- BRIEF -
Go through the records and transcribe them exactly, passing over any picture.

- INFORMATION GIVEN -
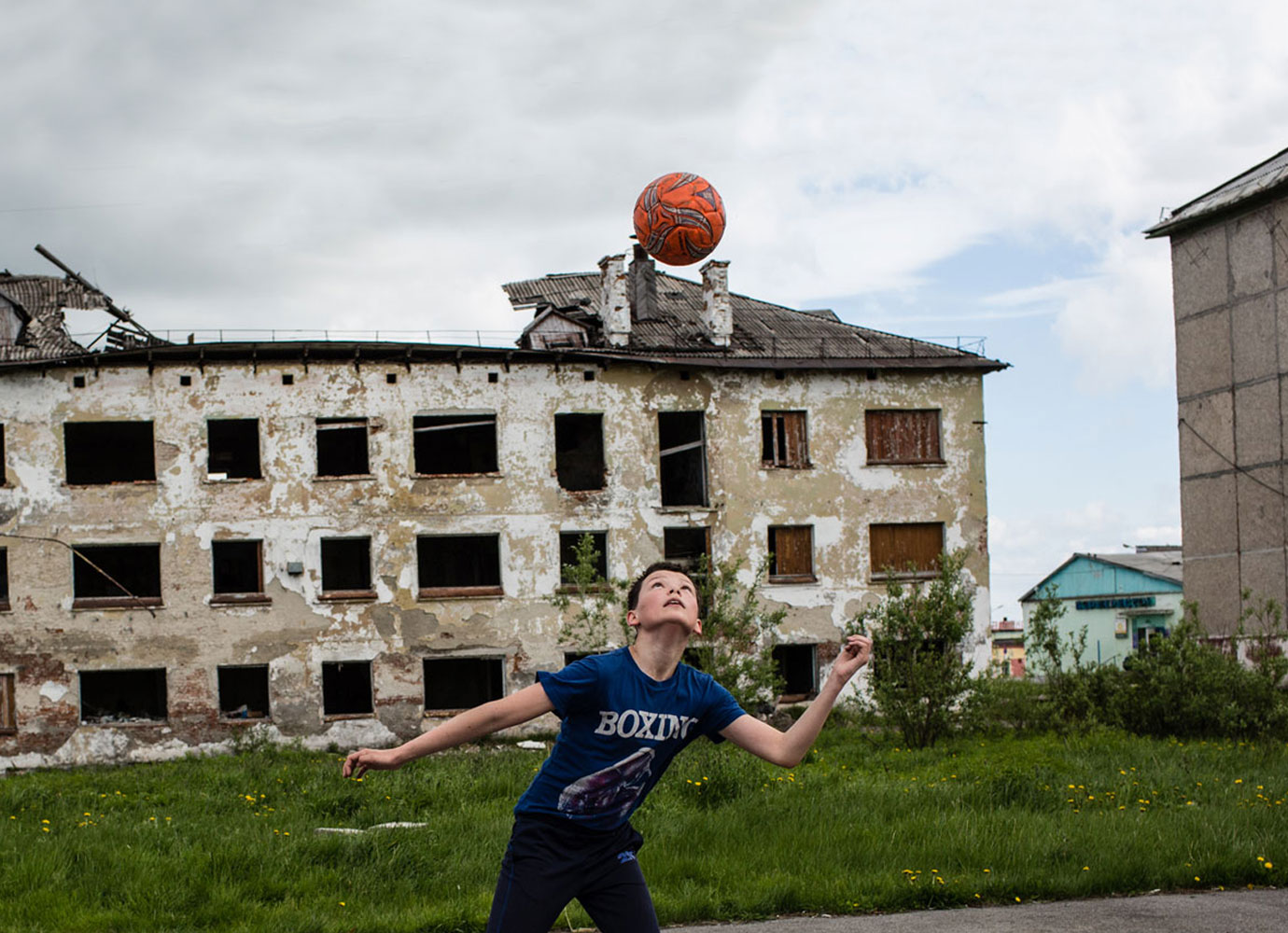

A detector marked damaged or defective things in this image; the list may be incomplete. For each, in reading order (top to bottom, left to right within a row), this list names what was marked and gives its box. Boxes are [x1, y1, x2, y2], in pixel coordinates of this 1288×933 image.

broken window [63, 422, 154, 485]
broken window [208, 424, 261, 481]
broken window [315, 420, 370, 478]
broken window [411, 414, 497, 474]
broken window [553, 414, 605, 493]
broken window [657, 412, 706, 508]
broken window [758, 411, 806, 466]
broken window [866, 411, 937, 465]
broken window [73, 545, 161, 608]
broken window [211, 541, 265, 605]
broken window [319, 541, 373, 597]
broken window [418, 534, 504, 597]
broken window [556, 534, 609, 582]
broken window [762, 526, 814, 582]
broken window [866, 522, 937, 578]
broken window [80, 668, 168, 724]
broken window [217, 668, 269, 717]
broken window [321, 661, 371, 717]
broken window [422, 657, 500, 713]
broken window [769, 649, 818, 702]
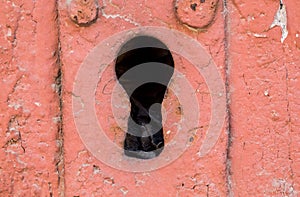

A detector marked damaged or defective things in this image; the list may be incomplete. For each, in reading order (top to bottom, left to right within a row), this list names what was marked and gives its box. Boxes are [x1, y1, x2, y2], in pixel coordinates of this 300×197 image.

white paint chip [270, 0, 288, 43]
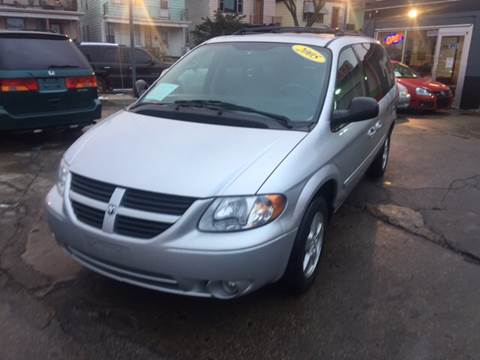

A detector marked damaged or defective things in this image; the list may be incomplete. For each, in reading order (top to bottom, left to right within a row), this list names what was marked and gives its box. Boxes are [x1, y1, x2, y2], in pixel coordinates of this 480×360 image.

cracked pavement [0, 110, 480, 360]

- ANSWER TO THIS EXERCISE -
A detector marked damaged or defective things in this image; the list may be incomplete. For each, in reading order (top to bottom, left to right within a row), this list names what was marked and gives its box. Boxes are [x1, y1, x2, y2], in pixel coordinates of this 1288×933 image.

broken window [63, 422, 154, 485]
broken window [208, 424, 261, 481]
broken window [315, 420, 370, 478]
broken window [411, 414, 497, 474]
broken window [553, 414, 605, 493]
broken window [657, 412, 706, 508]
broken window [758, 411, 806, 466]
broken window [866, 411, 937, 465]
broken window [73, 545, 161, 608]
broken window [211, 541, 265, 605]
broken window [319, 541, 373, 597]
broken window [418, 534, 504, 597]
broken window [556, 534, 609, 582]
broken window [762, 526, 814, 582]
broken window [866, 522, 937, 578]
broken window [80, 668, 168, 724]
broken window [217, 668, 269, 717]
broken window [321, 661, 371, 717]
broken window [422, 657, 500, 713]
broken window [769, 649, 818, 702]

A detector marked damaged or defective things in this image; the list may be incomplete. For each, in reading order (top to bottom, left to right within a row), this list names what was marked and gives its box. Boxes are [x1, y1, x2, y2], in pixel coordinates of this 300×197 image.

white paint chip [270, 0, 288, 43]

A detector marked damaged or defective things in this image; the list may be incomplete. For each, in reading order (top to bottom, left to right within a row), this list names what was marked and gives its box. Boxes are [x1, y1, x2, y2], in pixel coordinates of this 480×360 image.

cracked pavement [0, 110, 480, 360]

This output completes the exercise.